* **Brief**: Please set down every record exactly as it appears below.

Stored data entries:
%%

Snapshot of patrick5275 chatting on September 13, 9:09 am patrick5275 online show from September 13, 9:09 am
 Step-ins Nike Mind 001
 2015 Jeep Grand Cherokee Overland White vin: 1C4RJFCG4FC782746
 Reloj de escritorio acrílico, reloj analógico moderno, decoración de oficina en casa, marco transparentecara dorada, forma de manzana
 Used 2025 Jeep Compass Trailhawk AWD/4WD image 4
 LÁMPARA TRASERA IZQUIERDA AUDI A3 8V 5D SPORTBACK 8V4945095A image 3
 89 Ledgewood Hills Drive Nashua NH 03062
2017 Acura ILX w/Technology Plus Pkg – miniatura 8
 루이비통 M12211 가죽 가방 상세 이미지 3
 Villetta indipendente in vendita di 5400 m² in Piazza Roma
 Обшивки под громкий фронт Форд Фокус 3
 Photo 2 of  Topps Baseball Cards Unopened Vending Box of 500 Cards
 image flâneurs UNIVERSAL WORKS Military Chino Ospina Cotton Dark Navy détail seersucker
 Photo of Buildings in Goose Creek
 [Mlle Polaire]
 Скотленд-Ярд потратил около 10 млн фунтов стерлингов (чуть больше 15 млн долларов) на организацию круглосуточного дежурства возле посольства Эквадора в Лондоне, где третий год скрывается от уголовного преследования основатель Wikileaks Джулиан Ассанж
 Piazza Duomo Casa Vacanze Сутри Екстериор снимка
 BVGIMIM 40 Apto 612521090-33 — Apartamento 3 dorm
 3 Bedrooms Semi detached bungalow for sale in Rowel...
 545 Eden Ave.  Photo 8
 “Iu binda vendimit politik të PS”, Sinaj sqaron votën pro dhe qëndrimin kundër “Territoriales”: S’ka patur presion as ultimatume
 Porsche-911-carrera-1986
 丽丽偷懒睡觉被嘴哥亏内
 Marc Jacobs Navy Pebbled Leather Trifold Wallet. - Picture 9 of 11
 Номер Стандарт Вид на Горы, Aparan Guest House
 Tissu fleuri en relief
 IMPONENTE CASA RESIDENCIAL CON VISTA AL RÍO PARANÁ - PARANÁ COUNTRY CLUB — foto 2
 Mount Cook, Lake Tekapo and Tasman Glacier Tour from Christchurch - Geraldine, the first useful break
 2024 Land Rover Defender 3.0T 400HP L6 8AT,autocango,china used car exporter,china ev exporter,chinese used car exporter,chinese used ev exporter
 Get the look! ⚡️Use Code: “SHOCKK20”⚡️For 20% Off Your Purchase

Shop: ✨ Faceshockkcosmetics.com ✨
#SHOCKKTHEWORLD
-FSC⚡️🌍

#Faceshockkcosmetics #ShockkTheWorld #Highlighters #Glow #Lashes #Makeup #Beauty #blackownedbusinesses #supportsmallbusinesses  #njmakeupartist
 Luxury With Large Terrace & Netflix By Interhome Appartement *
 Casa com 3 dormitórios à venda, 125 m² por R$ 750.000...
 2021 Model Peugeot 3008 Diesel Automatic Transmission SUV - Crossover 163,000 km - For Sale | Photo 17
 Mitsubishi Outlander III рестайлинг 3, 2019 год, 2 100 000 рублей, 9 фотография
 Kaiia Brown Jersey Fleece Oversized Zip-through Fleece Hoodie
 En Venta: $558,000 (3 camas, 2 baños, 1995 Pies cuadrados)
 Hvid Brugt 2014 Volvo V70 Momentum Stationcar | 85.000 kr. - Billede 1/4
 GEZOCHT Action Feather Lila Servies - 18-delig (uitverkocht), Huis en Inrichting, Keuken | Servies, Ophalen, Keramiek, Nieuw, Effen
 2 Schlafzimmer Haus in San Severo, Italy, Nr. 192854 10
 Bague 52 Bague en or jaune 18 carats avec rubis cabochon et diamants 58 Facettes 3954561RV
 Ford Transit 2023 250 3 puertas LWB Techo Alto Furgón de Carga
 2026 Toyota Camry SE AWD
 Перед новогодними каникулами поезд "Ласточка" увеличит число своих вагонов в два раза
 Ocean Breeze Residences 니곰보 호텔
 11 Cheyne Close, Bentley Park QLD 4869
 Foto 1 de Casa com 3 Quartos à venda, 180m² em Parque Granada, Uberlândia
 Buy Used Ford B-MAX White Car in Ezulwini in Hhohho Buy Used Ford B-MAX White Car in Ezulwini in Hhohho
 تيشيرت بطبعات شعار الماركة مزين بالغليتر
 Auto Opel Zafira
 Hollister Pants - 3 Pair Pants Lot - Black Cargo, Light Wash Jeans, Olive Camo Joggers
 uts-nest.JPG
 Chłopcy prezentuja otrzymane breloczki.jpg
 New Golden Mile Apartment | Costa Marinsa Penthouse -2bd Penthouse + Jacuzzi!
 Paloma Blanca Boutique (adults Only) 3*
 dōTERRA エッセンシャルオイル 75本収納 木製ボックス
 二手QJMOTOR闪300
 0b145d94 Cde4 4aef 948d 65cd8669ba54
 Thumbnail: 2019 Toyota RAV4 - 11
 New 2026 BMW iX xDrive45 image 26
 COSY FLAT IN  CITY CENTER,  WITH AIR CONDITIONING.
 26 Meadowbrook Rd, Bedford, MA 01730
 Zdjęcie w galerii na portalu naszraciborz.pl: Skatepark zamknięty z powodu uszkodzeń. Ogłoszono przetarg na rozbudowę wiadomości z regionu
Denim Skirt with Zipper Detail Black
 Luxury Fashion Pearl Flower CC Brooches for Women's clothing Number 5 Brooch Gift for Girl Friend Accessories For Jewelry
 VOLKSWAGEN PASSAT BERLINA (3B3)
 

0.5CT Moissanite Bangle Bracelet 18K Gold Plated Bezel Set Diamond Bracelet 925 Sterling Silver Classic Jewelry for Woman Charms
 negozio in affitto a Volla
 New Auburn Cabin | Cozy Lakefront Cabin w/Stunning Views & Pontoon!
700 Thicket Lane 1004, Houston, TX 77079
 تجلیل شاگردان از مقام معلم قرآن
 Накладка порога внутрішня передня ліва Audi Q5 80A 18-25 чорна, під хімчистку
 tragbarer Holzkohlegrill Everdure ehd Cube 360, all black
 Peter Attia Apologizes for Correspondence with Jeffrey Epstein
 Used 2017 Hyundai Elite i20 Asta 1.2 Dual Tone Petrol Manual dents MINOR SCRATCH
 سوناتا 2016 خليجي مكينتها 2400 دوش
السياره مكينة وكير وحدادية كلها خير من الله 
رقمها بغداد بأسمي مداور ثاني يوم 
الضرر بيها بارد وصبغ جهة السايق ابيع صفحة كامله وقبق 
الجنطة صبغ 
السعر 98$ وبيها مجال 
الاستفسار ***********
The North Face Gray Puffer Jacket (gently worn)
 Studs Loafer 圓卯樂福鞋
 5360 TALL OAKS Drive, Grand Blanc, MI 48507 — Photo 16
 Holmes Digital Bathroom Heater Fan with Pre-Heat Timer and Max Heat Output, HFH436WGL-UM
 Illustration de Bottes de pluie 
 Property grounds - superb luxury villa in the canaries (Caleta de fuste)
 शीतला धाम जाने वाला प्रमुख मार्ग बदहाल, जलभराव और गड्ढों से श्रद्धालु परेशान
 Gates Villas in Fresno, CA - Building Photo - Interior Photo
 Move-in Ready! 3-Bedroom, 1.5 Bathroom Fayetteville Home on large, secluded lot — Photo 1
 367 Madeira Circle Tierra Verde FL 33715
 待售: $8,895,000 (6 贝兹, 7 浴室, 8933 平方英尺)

%%

* **Reply**:
Snapshot of patrick5275 chatting on September 13, 9:09 am patrick5275 online show from September 13, 9:09 am
 Step-ins Nike Mind 001
 2015 Jeep Grand Cherokee Overland White vin: 1C4RJFCG4FC782746
 Reloj de escritorio acrílico, reloj analógico moderno, decoración de oficina en casa, marco transparentecara dorada, forma de manzana
 Used 2025 Jeep Compass Trailhawk AWD/4WD image 4
 LÁMPARA TRASERA IZQUIERDA AUDI A3 8V 5D SPORTBACK 8V4945095A image 3
 89 Ledgewood Hills Drive Nashua NH 03062
2017 Acura ILX w/Technology Plus Pkg – miniatura 8
 루이비통 M12211 가죽 가방 상세 이미지 3
 Villetta indipendente in vendita di 5400 m² in Piazza Roma
 Обшивки под громкий фронт Форд Фокус 3
 Photo 2 of  Topps Baseball Cards Unopened Vending Box of 500 Cards
 image flâneurs UNIVERSAL WORKS Military Chino Ospina Cotton Dark Navy détail seersucker
 Photo of Buildings in Goose Creek
 [Mlle Polaire]
 Скотленд-Ярд потратил около 10 млн фунтов стерлингов (чуть больше 15 млн долларов) на организацию круглосуточного дежурства возле посольства Эквадора в Лондоне, где третий год скрывается от уголовного преследования основатель Wikileaks Джулиан Ассанж
 Piazza Duomo Casa Vacanze Сутри Екстериор снимка
 BVGIMIM 40 Apto 612521090-33 — Apartamento 3 dorm
 3 Bedrooms Semi detached bungalow for sale in Rowel...
 545 Eden Ave.  Photo 8
 “Iu binda vendimit politik të PS”, Sinaj sqaron votën pro dhe qëndrimin kundër “Territoriales”: S’ka patur presion as ultimatume
 Porsche-911-carrera-1986
 丽丽偷懒睡觉被嘴哥亏内
 Marc Jacobs Navy Pebbled Leather Trifold Wallet. - Picture 9 of 11
 Номер Стандарт Вид на Горы, Aparan Guest House
 Tissu fleuri en relief
 IMPONENTE CASA RESIDENCIAL CON VISTA AL RÍO PARANÁ - PARANÁ COUNTRY CLUB — foto 2
 Mount Cook, Lake Tekapo and Tasman Glacier Tour from Christchurch - Geraldine, the first useful break
 2024 Land Rover Defender 3.0T 400HP L6 8AT,autocango,china used car exporter,china ev exporter,chinese used car exporter,chinese used ev exporter
 Get the look! ⚡️Use Code: “SHOCKK20”⚡️For 20% Off Your Purchase

Shop: ✨ Faceshockkcosmetics.com ✨
#SHOCKKTHEWORLD
-FSC⚡️🌍

#Faceshockkcosmetics #ShockkTheWorld #Highlighters #Glow #Lashes #Makeup #Beauty #blackownedbusinesses #supportsmallbusinesses  #njmakeupartist
 Luxury With Large Terrace & Netflix By Interhome Appartement *
 Casa com 3 dormitórios à venda, 125 m² por R$ 750.000...
 2021 Model Peugeot 3008 Diesel Automatic Transmission SUV - Crossover 163,000 km - For Sale | Photo 17
 Mitsubishi Outlander III рестайлинг 3, 2019 год, 2 100 000 рублей, 9 фотография
 Kaiia Brown Jersey Fleece Oversized Zip-through Fleece Hoodie
 En Venta: $558,000 (3 camas, 2 baños, 1995 Pies cuadrados)
 Hvid Brugt 2014 Volvo V70 Momentum Stationcar | 85.000 kr. - Billede 1/4
 GEZOCHT Action Feather Lila Servies - 18-delig (uitverkocht), Huis en Inrichting, Keuken | Servies, Ophalen, Keramiek, Nieuw, Effen
 2 Schlafzimmer Haus in San Severo, Italy, Nr. 192854 10
 Bague 52 Bague en or jaune 18 carats avec rubis cabochon et diamants 58 Facettes 3954561RV
 Ford Transit 2023 250 3 puertas LWB Techo Alto Furgón de Carga
 2026 Toyota Camry SE AWD
 Перед новогодними каникулами поезд "Ласточка" увеличит число своих вагонов в два раза
 Ocean Breeze Residences 니곰보 호텔
 11 Cheyne Close, Bentley Park QLD 4869
 Foto 1 de Casa com 3 Quartos à venda, 180m² em Parque Granada, Uberlândia
 Buy Used Ford B-MAX White Car in Ezulwini in Hhohho Buy Used Ford B-MAX White Car in Ezulwini in Hhohho
 تيشيرت بطبعات شعار الماركة مزين بالغليتر
 Auto Opel Zafira
 Hollister Pants - 3 Pair Pants Lot - Black Cargo, Light Wash Jeans, Olive Camo Joggers
 uts-nest.JPG
 Chłopcy prezentuja otrzymane breloczki.jpg
 New Golden Mile Apartment | Costa Marinsa Penthouse -2bd Penthouse + Jacuzzi!
 Paloma Blanca Boutique (adults Only) 3*
 dōTERRA エッセンシャルオイル 75本収納 木製ボックス
 二手QJMOTOR闪300
 0b145d94 Cde4 4aef 948d 65cd8669ba54
 Thumbnail: 2019 Toyota RAV4 - 11
 New 2026 BMW iX xDrive45 image 26
 COSY FLAT IN  CITY CENTER,  WITH AIR CONDITIONING.
 26 Meadowbrook Rd, Bedford, MA 01730
 Zdjęcie w galerii na portalu naszraciborz.pl: Skatepark zamknięty z powodu uszkodzeń. Ogłoszono przetarg na rozbudowę wiadomości z regionu
Denim Skirt with Zipper Detail Black
 Luxury Fashion Pearl Flower CC Brooches for Women's clothing Number 5 Brooch Gift for Girl Friend Accessories For Jewelry
 VOLKSWAGEN PASSAT BERLINA (3B3)
 

0.5CT Moissanite Bangle Bracelet 18K Gold Plated Bezel Set Diamond Bracelet 925 Sterling Silver Classic Jewelry for Woman Charms
 negozio in affitto a Volla
 New Auburn Cabin | Cozy Lakefront Cabin w/Stunning Views & Pontoon!
700 Thicket Lane 1004, Houston, TX 77079
 تجلیل شاگردان از مقام معلم قرآن
 Накладка порога внутрішня передня ліва Audi Q5 80A 18-25 чорна, під хімчистку
 tragbarer Holzkohlegrill Everdure ehd Cube 360, all black
 Peter Attia Apologizes for Correspondence with Jeffrey Epstein
 Used 2017 Hyundai Elite i20 Asta 1.2 Dual Tone Petrol Manual dents MINOR SCRATCH
 سوناتا 2016 خليجي مكينتها 2400 دوش
السياره مكينة وكير وحدادية كلها خير من الله 
رقمها بغداد بأسمي مداور ثاني يوم 
الضرر بيها بارد وصبغ جهة السايق ابيع صفحة كامله وقبق 
الجنطة صبغ 
السعر 98$ وبيها مجال 
الاستفسار ***********
The North Face Gray Puffer Jacket (gently worn)
 Studs Loafer 圓卯樂福鞋
 5360 TALL OAKS Drive, Grand Blanc, MI 48507 — Photo 16
 Holmes Digital Bathroom Heater Fan with Pre-Heat Timer and Max Heat Output, HFH436WGL-UM
 Illustration de Bottes de pluie 
 Property grounds - superb luxury villa in the canaries (Caleta de fuste)
 शीतला धाम जाने वाला प्रमुख मार्ग बदहाल, जलभराव और गड्ढों से श्रद्धालु परेशान
 Gates Villas in Fresno, CA - Building Photo - Interior Photo
 Move-in Ready! 3-Bedroom, 1.5 Bathroom Fayetteville Home on large, secluded lot — Photo 1
 367 Madeira Circle Tierra Verde FL 33715
 待售: $8,895,000 (6 贝兹, 7 浴室, 8933 平方英尺)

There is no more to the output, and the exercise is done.